Transcribe, exactly and without pictures, the lines below from the line with "Geometry dash 0.1 Level 0" to the line with "Vijayta Pandit First Husband", both ends included, and no others.

--- EXCERPTED DATA Enclosed Below ---

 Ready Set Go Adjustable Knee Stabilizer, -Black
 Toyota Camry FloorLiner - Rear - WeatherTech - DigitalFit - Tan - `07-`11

--- End of Enclosed EXCERPTED DATA ---
--- EXCERPTED DATA Enclosed Below ---

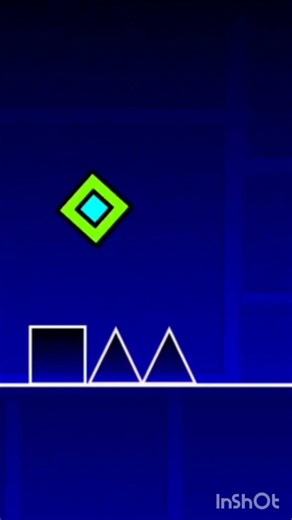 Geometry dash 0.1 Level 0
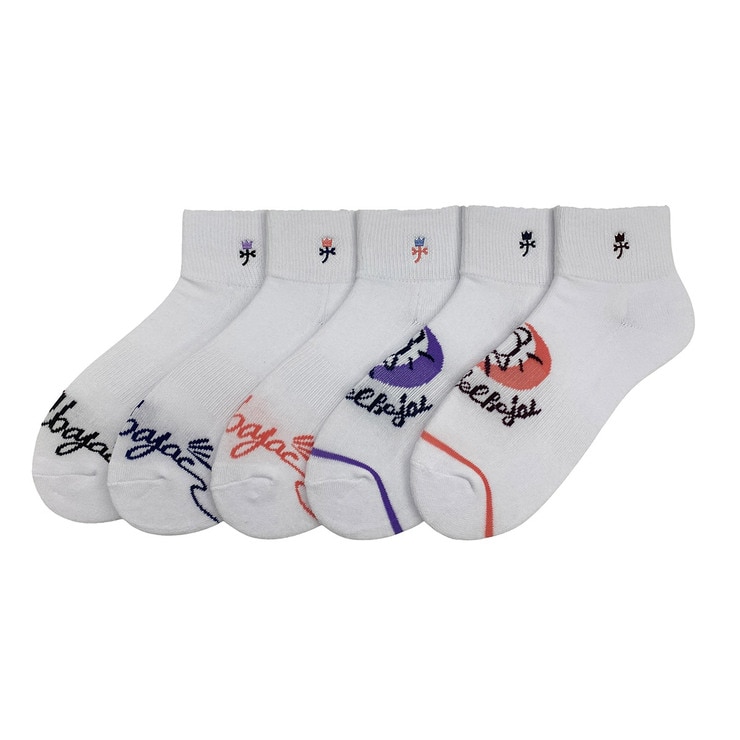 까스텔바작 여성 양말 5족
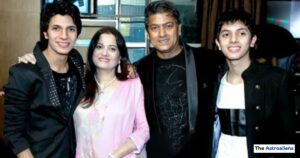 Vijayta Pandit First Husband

--- End of Enclosed EXCERPTED DATA ---

**EXERCISE RESULT:**
 Geometry dash 0.1 Level 0
 까스텔바작 여성 양말 5족
 Vijayta Pandit First Husband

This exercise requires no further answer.